Production of the Chevy Bolt will be suspended by a few weeks to deal with mounting inventories. Meanwhile, the most anticipated event in the electric car world is the Tesla Model 3 party scheduled for July 28. That’s when the first
30 29 customers will receive the keys to their cars. With 400,000 reservations in hand, Tesla says it will be cranking out 5,000 Model 3 sedans a week by the end of this year.
Previously, Elon Musk said the production target was 100 vehicles in August, but a photo surfaced on the internet yesterday which shows a Model 3 with a VIN number ending in 336, which suggests production is actually ahead of schedule.
Meanwhile, over in Motown, things are not so rosy. Chevrolet says it will extend the summer shutdown of the Orion Township factory where the Chevy Bolt and Chevy Sonic are built. The company blames the extension on slow sales of the Sonic — sales are down 37% for the year as buyers flee from small sedans — but it is also selling far fewer Bolts than expected.
According to Reuters, there are now more than 6,000 unsold Bolts on hand in the US. That translates to a 111 day supply. 70 days is considered ideal. One dealer is reported to have more than 200 Bolts on its lot.
Excess inventory may be one reason why Chevy opened up orders for the Bolt to all 50 states a month early. So far, 7,592 Bolt EVs have been delivered through the end of June. A company spokesperson says, “General Motors Co has extended a shutdown at the Michigan factory that builds the new Chevrolet Bolt electric car as part of a broader effort to get control of bulging inventories of unsold vehicles in the United States.”
The US automobile industry is in the midst of a sales slowdown. Compared to 2015 and 2016, when record sales brought record profits to the industry, 2017 is shaping up to be a struggle for most brands.
The traditional car companies must be tearing their hair out about Tesla. Without spending a dollar on conventional advertising, Tesla is a media darling that gets all the buzz. But it’s put up or shut up time for Tesla.
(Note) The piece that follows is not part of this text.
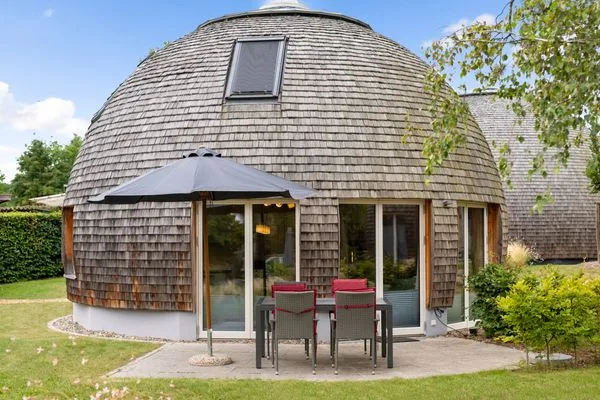 Ferienhaus Nordlichter - Kugelhaus am Tollensesee - Terrasse direkt am Haus  Nordlichter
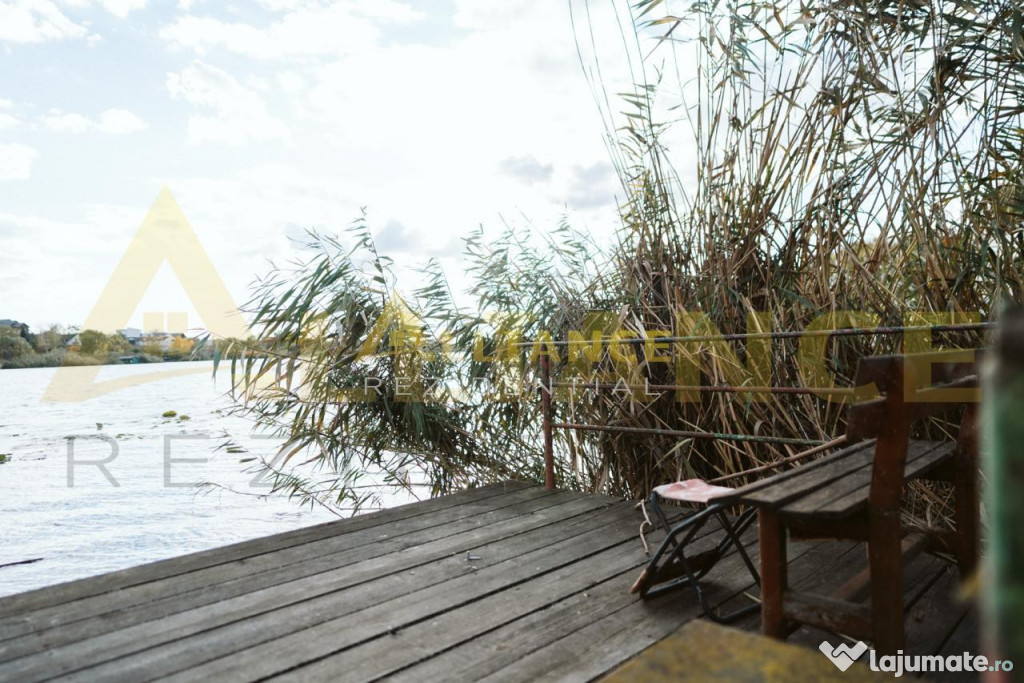 DE VÂNZARE, ÎN EXCLUSIVITATE - Cas? superb? în Izvoran...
It says it will be selling 500,000 cars a year by the end of 2018, five times what it sells now. Can it do that?
That extra volume will put a strain on a company that eschews franchise dealers. It will also put a strain on Tesla’s proprietary Supercharger network of high-power charging stations and on company-owned service centers, which Tesla is ramping up quickly in anticipation of the fast growth in production.
If Tesla succeeds, it will turn the automotive market upside down. Chevy’s difficulties finding buyers for the Bolt could be an omen for other manufacturers who are rushing electric cars to market. The next 12 months could be a tumultuous time to be in the car business.